Nowhere does it say in the article what language he wrote in (in his "mirror-writing"). Most of the intellectual books at the time were written in Latin. You might guess from the article that since Leonardo apparently didn't learn Latin perfectly, that that means he wrote in Italian - but that is just leaving the reader to guess. It should be stated specifically what language he wrote in. Did he write anything in Latin? Was it all in Italian?Jimhoward72 (talk) 02:30, 10 December 2012 (UTC)[reply]

He wrote everything in Italian. He had a rudimentary grasp of Latin but did not write in it. Any Latin words or phrases would have been copied from elsewhere. It is possible, that as you suggest since many intellectual books at the time were written in Latin, that Leonardo failed to publish his writings because he didn't know enough Latin, not because he was a procrastinator. Everyone assumes the latter but there may have been more to it than that. Regarding inclusion of his written language in the article - yes, everyone assumes that because he was Italian then he must have written in Italian. In this case everyone's assumption is correct. This can still be added but I would like other people to have an opinion on whether to include it in the article or not. Jodon1971 (talk) 13:50, 16 January 2013 (UTC)[reply]

This needs a serious rewrite

His inventions weren't feasible in his or anyone's lifetime - the most ridiculous is his "machine" gun. Let's face it, he knew nothing more than anyone of his time could have known, made no real contributions, and invented things which would never have worked. His flying machine could never work, no matter what materials it could be made of today, likewise his design for a helicopter. He was obviously highly intelligent but outside of art not a genius. 69.158.165.32 (talk) 03:50, 20 December 2012 (UTC)[reply]

These far-sighted ideas are the ones that receive attention in the 21st century, whether they were feasible or not. He came up with the concepts, rather than the practical invention. On the other hand, his studies of anatomy, water, geology, optics etc were ground-breaking. This article focuses on his real source of fame, his art..... or haven't you noticed?Amandajm (talk) 19:33, 21 December 2012 (UTC)[reply]
Leonardo's lack of a prime mover in his day (such as a combustion engine) prevented him from taking many of his inventions (such as a horseless cart, which instead used levers, springs, and various rotor mechanisms) off the drawing board. Leonardo experimented ceaselessly with the materials and knowledge he had available at the time. That's all any of can do. It is said that all inventions are either improvements or adaptions from existing designs. Nobody could have been more frustrated than Leonardo to have so many ideas and still know they could never work in his day because his designs were too far-reaching for the day in terms of practicality. Actually there have been a number of documentaries showing various inventions of Leonardo (such as his pyramidal parachute, his scuba diving apparatus, and one of his flying "flapping wing" machines) that have been constructed in modern factories by Leonardo scholars that have worked.
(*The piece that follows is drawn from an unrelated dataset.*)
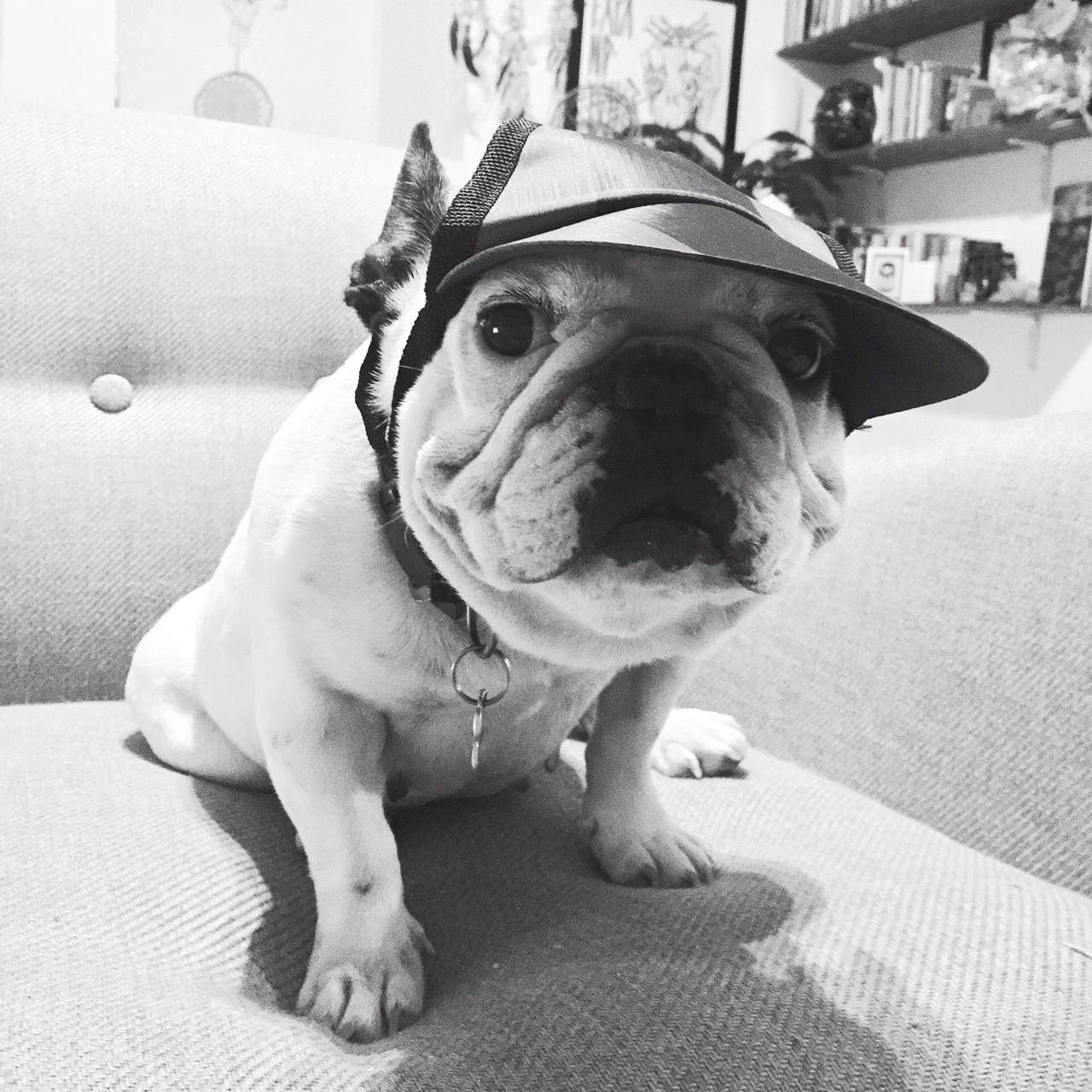 tumblr_nl55pgsBuc1rnczwao1_1280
In any event "invention" doesn't necessarily apply only to machines, and Leonardo "invented" many techniques that assisted him in his experimentation in various fields. These can be considered "contributions". Jodon1971 (talk) 15:20, 16 January 2013 (UTC)[reply]

Category: LGBT history

User:Arch8887 has repeatedly removed this category from the article.

I have attempted to explain on this person's talk page that the charge of sodomy against Leonardo is a documented part of LGBT history, and is not the same as categorising Leonardo as an LGBT person.

My explanations appear to have no impact. I think if it happens again we have to start treating the matter as vandalism.